Kunst der deutschen Revolution: Dresden erinnert an "Gruppe 1919"

Denkmal für eine Künstlervereinigung: Die Städtische Galerie Dresden widmet der „Dresdner Sezession Gruppe 1919“ eine wunderschöne Ausstellung.

1929 feierte die „Dresdner Sezession Gruppe 1919“ ihr 10-jähriges Bestehen. Das war dann auch schon ihre nahezu letzte Aktivität. Jetzt feiert das Dresdner Stadtmuseum den 100. Jahrestag der Gründung dieser Künstlergruppe, eine von vielen, die im Gefolge der deutschen Revolution aus dem Boden schossen. Wohl nie dürfte die Sezession zu Lebzeiten eine so schöne Ausstellung gehabt haben wie diese unter dem Titel „Signal zum Aufbruch!“, vom opulenten Katalog nach heutiger Drucktechnik ganz zu schweigen (Wilsdruffer Straße 2, bis 15. September). Und doch oder gerade darum wirkt die Ausstellung ganz frisch, die Kunst wie aus einem Guss. Alles ist vom Pathos des Aufbruchs beseelt, der Befreiung, nicht politisch, sondern hin zu einem Menschsein, das zuvor verschüttet war. Ohne das Kriegserlebnis ist dieses Pathos nicht zu verstehen, aber noch, so scheint es, war der Zeitpunkt nicht gekommen, auf die gesellschaftlichen Missstände hinzuweisen, wie es alsbald der 1926 zum Akademie- Professor berufene Otto Dix tat.
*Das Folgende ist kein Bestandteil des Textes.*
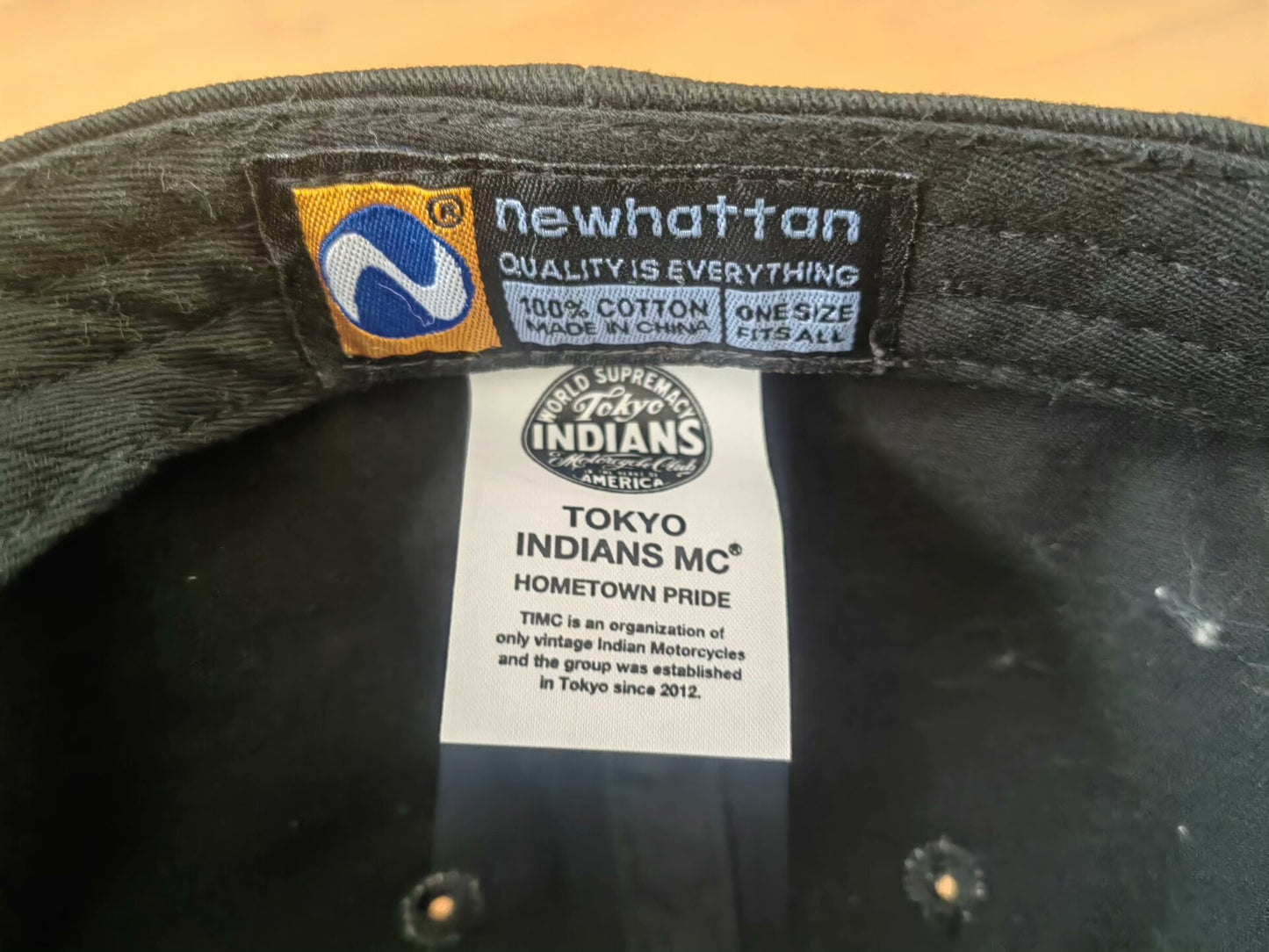 embroidered baseball cap from tokyo indians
Man wollte „dem Kommenden den Weg bereiten“, das ist der gängige Topos aller Neuerer. Dix schuf das Plakat für die Ausstellung der „Gruppe 1919“ bei Emil Richter, wo ein Jahrzwölft zuvor die „Brücke“ ihre erste „offizielle“ Ausstellung hatte; und so verschieden ist Dixens Stil nicht. Überhaupt zeigt die Grafik die direkteste Verbindung zur „Brücke“, was naturgemäß auch am Material liegt, am Holzschnitt mit seiner klaren Trennung von farbigen und nichtfarbigen Flächen. Großartige Blätter sind zu sehen, von den heute nur mehr wenig bekannten Peter August Böckstiegel, Eugen Hoffmann oder Constantin von Mitschke-Collande. Conrad Felixmüller, Mitbegründer der „Gruppe 1919“ und nach einem Jahr schon wieder ausgetreten, war in allen künstlerischen Medien stark, und besonders treffend ist sein Gemälde „Otto Dix malt“ von 1920, das die forcierte Gewaltmenschattitüde des herausragenden Dresdner Künstlers der Weimarer Zeit zur Ansicht bringt. Die 1919 entstandenen Gemälde von Dix sind noch dem italienischen Futurismus nahe, ehe er im Folgejahr „seine“ Themen und Figuren findet, die Versehrten, Vergessenen, Randständigen.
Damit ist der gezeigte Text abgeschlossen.